DATA BLOCK:
● ● ● ● ● ● ●

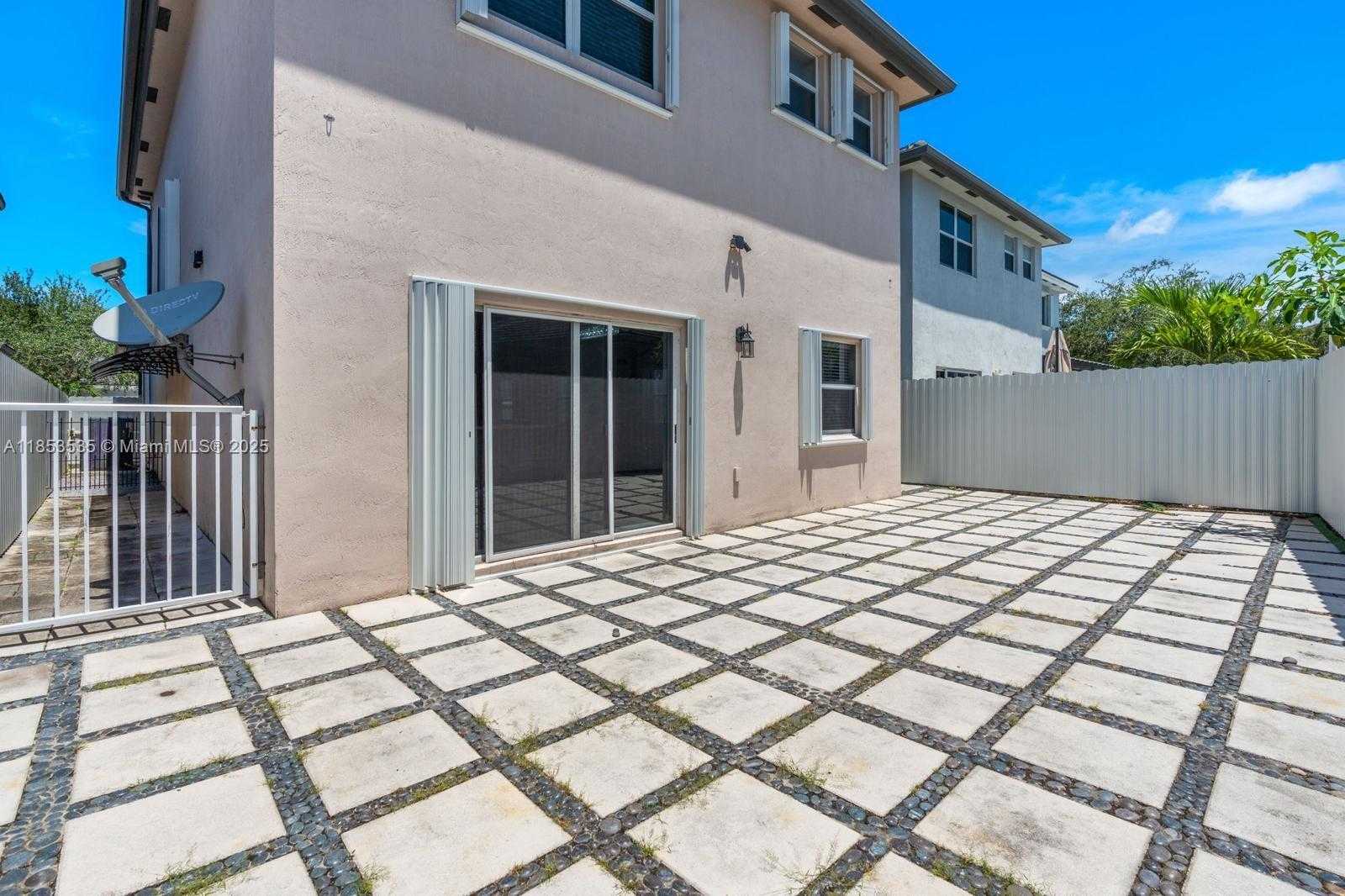 Small Image of 3136 SOUTH EAST 2ND DR, Homestead Number 25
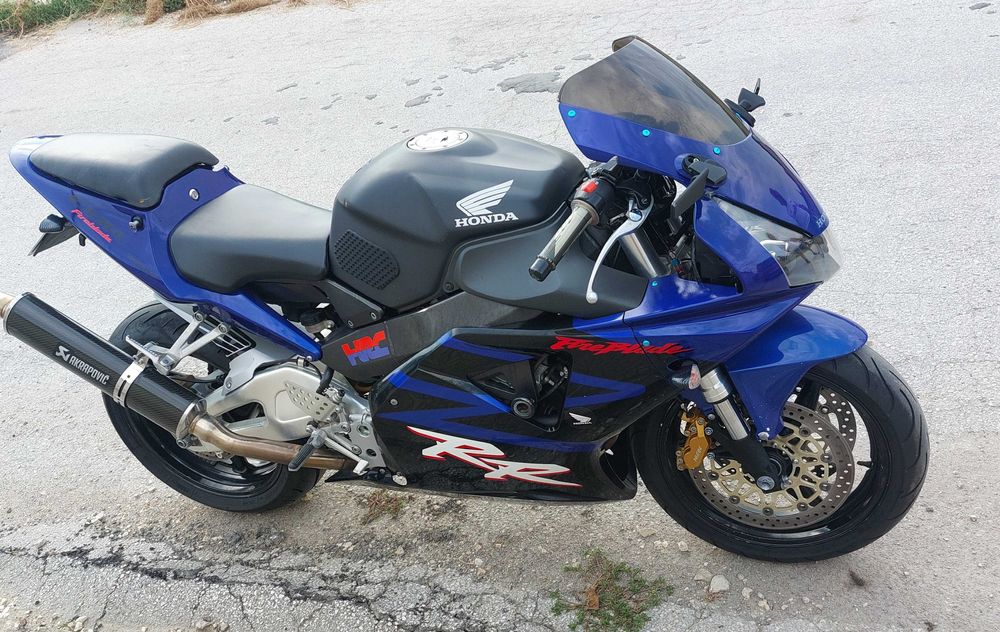 Honda cbr 1000 rr Напълно обслужен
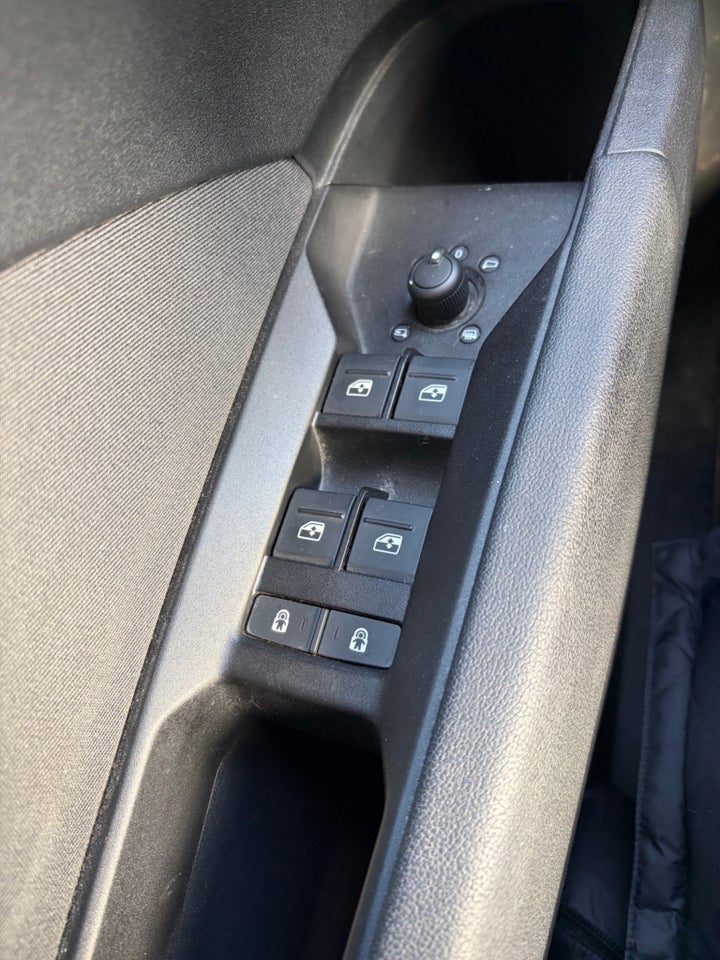 Audi Q4 e-tron 40 Attitude 5d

● ● ● ● ● ● ●

PROBLEM:
Copy the material above exactly and drop the pictures.

EXPECTED ANSWER:
 Small Image of 3136 SOUTH EAST 2ND DR, Homestead Number 25
 Honda cbr 1000 rr Напълно обслужен
 Audi Q4 e-tron 40 Attitude 5d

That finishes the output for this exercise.